For generations, people have entrusted large, institutional banks with their money. It was always believed that big banks with many in-person branches were the most efficient and safest place to keep your money and work within the financial system. Yet now, thanks to the help of new technological innovations and startups, big banks aren’t the only reliable option anymore.

Thanks to technology and customer-friendly startups, you don’t need to succumb to a big bank for your financial needs.
Thanks to technology and customer-friendly startups, you don’t need to succumb to a big bank for your financial needs.

In fact, with these new, tech-based solutions taking market share from the industry leaders, big banks might be on their way out altogether. Let’s look at a few of the reasons you no longer need a big bank.

Technology makes in-person branches obsolete

It was only a few decades ago that the idea of banking without an in-person branch would have been ludicrous. After all, how are you going to deposit your checks or withdraw cash when needed? But in just a few short decades, technological innovations driven by the internet and smartphones have made it so easy and secure that in-person bank branches are no longer a necessary feature for consumers and businesses. It appears that these technologies have made it easier than ever to bank from the comfort of your own home.

Some of these advances include:

  • Ubiquity in credit card and other non-cash payments – Cash is a thing of the past. Today, you can use your credit card to make purchases anywhere, anytime.
  • Fee-free ATMs – Even if you need cash for whatever reason, the institution of free ATMs means you don’t have to go to the bank to withdraw money. Certain banks might even offer rebates on all ATM-related fees.
  • Mobile check deposits – Deposit your checks using the camera on your smartphone. Now that’s convenience.
  • Automatic bill payments – Gone are the days of sending a check to pay your bills or having to go to the municipality to settle your accounts. Now, you can set up auto-payments through your bank to pay your bills every month without worry.

Challenger banks to the rescue

Big banks tend to gear their product offerings toward the ultra-wealthy, as most of their money is made from this customer base. This leaves smaller businesses and consumers left to fend for themselves, dealing with high fees and poor support.

Luckily, a new trend has seen challenger banks come into the market to provide better services to businesses and consumers. Currently, challenger banks like N26, OakNorth, and Monzo provide their customers with better services than their institutional banking counterparts. In fact, it’s estimated that challenger banks could exceed $578 billion in valuation by 2027.

Why are challenger banks better? Here are just a few reasons:

  • Better customer service – Big banks are notorious for long waiting times and poor customer service. On the other hand, Challenger banks utilize automated chat and online service features that make the banking process much better.
  • Lower fees – Institutional banks have gotten away with squeezing customers on fees for decades. But thanks to challenger banks, you don’t have to deal with exorbitant account fees any longer.
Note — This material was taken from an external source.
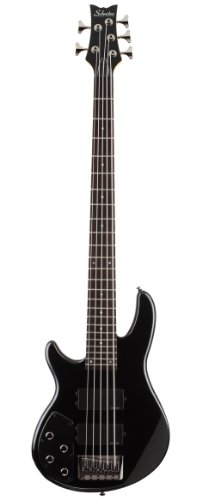 Schecter Raiden Custom-5 Five String Bass Left Handed - Black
Challenger banks are mostly digital retail banks that utilize technology to reduce costs and save customers money.
  • Online and mobile interfaces – Challenger banks are technology companies first. Meaning, their online and mobile interfaces are intuitive and easy to use for anyone.
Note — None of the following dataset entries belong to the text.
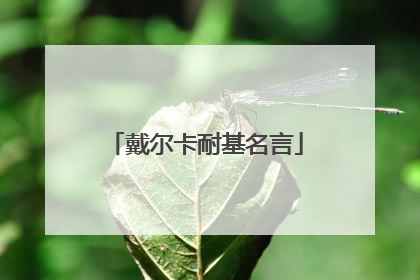 戴尔卡耐基名言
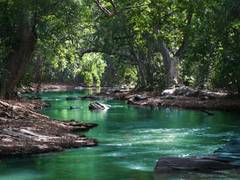 
      
      Ancestral variation guides future environmental adaptations
      
      
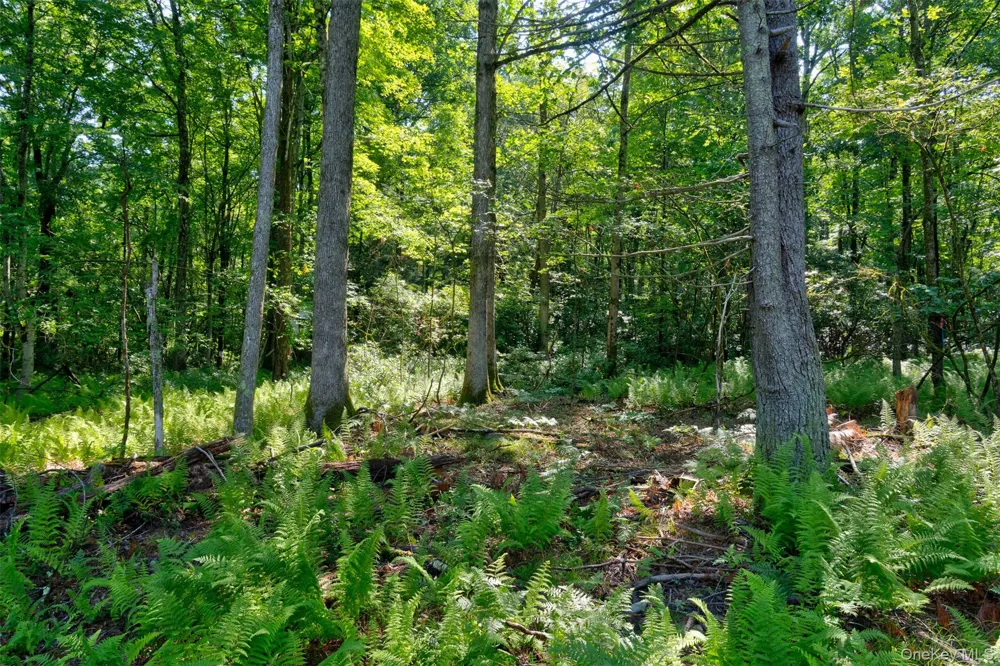 Lot 22 Perry Pond Road Narrowsburg, NY 12764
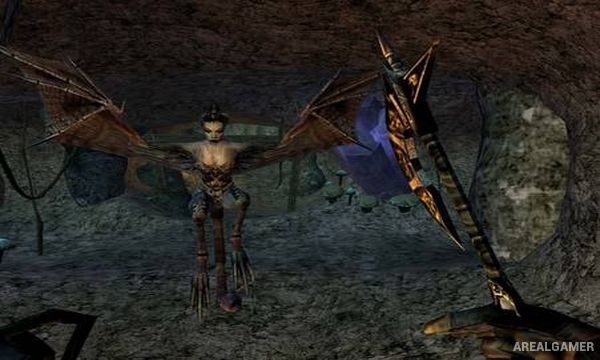 The Elder Scrolls III: Morrowind GOTY Screenshot 3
The digital currency revolution?

Digital currencies could make centralized banks obsolete over the next decade.
Digital currencies could make centralized banks obsolete over the next decade.

With digital currencies beginning to take shape, the question now becomes: Will banks become obsolete altogether? Digital currencies stem from decentralized networks, which don’t require any traditional banking services. Funds can be sent directly between users without the need for banks at all.


This is even more apparent in the world of decentralized finance (DeFi), which disrupts many business areas that would previously have required banks. Take, for instance, lending and borrowing. Instead of approaching a bank for a loan, consumers can receive loans through DeFi services, all without registering for an account or even providing their personal information (as long as they have the necessary collateral). Lenders can do the same, and because banks and their fees are not necessary, lenders can receive a higher rate of return on their deposits. But be careful. The DeFi industry is still extremely new and relies almost entirely on open-source computer code, which, to date, has had a history of fraudulent activity.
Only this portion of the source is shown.